As home prices increase, so does the renter population. Renters comprise above 50 percent of the population in most Central Coast cities. Where renting used to be a rite of passage into adulthood, eventually leading toward home homeownership, renters now encompass a multitude of demographics from students to seniors – populations that will never benefit from homeownership as a means for accumulating generational wealth.
Wall Street may be doing well, but that’s not the case over on Main Street. Wall Street controls the housing markets as large corporate investors purchase single-family homes as rental investments and gigantic investment companies like Blackstone and Greystar purchase and operate hundreds of thousands of units, including swaths of rental housing right here in Monterey County. With this share of the market, these investment companies establish the so-called “market rates” that are used to justify rent increases not only on their very own tenants but on everyone else.
One legislative solution is a renter income tax credit.
While California’s Assembly Bill 1482 did establish maximum allowable rent increases for housing, the 10-percent cap compounds annually – all while wages have remained stagnant. Additionally, AB 1482 has loopholes such as claims that a landlord will be engaging in major renovation as a means to evict tenants and then raise the rent. Corporate landlords are solely focused on profits no matter the cost to our communities, including homelessness.

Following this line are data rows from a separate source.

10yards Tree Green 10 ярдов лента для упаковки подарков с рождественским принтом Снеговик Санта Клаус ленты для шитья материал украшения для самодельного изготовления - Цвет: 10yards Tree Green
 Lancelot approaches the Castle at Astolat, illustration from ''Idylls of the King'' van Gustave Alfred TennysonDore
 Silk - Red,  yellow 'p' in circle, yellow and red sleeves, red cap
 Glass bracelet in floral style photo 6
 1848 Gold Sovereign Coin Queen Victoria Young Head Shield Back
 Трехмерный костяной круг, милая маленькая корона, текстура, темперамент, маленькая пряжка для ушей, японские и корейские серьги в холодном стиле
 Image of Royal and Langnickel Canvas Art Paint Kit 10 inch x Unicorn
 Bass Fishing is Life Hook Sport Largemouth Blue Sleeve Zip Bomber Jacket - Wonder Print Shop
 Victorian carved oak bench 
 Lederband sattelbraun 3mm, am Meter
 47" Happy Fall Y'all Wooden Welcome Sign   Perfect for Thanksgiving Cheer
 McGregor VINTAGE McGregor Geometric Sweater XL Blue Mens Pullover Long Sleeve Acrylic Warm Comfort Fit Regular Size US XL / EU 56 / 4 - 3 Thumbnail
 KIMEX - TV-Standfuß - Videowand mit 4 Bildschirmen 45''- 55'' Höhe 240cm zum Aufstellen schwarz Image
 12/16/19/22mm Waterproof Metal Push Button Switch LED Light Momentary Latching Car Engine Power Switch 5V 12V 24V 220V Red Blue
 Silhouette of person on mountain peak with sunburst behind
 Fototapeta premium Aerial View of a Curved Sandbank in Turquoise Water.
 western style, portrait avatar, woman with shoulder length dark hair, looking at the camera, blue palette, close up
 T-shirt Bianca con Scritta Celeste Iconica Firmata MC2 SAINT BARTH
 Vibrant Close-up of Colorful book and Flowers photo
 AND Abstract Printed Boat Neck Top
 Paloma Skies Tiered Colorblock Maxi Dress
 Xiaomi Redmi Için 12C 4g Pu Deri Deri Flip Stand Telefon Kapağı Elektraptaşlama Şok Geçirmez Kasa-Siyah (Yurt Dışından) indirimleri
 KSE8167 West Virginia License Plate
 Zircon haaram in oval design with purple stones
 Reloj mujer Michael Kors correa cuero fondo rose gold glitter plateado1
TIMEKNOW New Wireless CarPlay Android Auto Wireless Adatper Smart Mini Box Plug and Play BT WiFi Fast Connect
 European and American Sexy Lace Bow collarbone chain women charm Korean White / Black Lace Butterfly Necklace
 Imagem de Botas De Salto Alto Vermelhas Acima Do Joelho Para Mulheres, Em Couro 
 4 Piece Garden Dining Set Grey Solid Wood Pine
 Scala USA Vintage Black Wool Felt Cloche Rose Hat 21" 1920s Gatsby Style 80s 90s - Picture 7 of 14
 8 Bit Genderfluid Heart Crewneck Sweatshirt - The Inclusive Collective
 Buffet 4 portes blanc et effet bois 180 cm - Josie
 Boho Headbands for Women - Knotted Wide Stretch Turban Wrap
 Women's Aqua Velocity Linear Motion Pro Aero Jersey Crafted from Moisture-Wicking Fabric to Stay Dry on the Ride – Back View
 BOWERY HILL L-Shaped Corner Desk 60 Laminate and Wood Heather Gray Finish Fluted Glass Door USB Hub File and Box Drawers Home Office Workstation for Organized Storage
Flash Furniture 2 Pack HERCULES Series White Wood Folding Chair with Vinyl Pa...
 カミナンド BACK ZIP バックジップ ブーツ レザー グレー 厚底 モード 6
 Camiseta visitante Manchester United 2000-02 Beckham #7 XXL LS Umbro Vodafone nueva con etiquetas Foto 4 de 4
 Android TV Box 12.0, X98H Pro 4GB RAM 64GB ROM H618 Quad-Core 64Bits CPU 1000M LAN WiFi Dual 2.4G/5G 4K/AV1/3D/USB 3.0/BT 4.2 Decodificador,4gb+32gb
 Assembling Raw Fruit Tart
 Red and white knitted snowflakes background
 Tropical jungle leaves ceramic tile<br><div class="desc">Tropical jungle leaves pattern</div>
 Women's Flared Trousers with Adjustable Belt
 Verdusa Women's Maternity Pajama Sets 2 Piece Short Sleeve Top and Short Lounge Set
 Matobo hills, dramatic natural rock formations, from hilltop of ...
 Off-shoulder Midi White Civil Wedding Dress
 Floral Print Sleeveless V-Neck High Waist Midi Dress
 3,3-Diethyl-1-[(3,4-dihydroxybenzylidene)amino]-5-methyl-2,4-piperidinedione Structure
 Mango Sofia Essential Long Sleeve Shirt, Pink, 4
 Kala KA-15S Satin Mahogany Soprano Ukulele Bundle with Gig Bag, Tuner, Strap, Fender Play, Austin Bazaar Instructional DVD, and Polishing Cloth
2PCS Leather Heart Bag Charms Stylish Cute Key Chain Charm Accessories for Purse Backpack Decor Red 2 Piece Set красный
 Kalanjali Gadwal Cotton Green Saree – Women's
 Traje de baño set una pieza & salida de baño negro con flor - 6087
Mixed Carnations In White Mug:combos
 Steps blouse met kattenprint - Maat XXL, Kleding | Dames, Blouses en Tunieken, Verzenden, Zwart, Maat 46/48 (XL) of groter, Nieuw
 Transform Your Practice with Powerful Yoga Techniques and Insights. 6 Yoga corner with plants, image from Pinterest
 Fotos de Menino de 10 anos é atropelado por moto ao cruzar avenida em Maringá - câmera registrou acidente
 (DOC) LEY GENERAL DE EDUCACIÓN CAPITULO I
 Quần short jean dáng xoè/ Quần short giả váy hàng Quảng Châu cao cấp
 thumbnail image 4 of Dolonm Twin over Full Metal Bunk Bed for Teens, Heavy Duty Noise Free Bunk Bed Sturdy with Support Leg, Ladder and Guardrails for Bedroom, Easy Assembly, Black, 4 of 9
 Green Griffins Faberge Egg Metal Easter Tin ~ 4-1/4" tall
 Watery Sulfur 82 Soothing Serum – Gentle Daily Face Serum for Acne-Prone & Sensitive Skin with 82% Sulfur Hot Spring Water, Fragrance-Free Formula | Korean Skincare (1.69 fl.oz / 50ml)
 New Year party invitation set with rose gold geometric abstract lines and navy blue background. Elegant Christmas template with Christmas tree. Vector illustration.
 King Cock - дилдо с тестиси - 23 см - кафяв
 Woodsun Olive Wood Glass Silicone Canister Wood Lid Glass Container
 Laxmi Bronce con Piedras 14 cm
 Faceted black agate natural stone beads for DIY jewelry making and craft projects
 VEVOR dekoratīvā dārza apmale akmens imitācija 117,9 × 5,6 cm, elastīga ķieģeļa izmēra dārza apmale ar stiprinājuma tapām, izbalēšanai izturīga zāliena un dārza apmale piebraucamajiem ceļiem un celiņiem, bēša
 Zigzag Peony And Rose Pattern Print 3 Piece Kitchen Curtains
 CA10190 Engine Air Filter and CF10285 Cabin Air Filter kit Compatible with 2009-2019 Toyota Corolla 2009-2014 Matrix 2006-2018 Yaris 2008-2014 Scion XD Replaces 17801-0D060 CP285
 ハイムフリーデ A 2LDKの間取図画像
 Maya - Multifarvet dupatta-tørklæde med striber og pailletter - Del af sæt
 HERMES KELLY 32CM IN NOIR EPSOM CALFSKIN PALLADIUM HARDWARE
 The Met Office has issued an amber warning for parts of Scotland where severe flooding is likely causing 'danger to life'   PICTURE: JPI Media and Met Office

One legislative solution to this crisis is a renter income tax credit. For a century, homeowners were allowed deductions on income taxes – a benefit the permanent class of renters in this country will never have access to. Guidelines from the U.S. Department of Housing and Urban Development for 30 percent of gross income for housing assistance are unrealistic. All renters deserve a tax credit on what they spend above 30 percent for housing.
It has been decades since safe and secure housing was declared a human right in this country in 1948. Affordable housing is a human right and governing bodies must address it as such. Renters must be represented by candidates who understand that we cannot address affordable rentals by only adding additional housing supply. Affordable rents in the current rental housing stock must be addressed simultaneously to new, proposed housing supply.
I worry that if the redistricting process overlooked renters as a community of interest, so will the elected officials who ultimately represent us.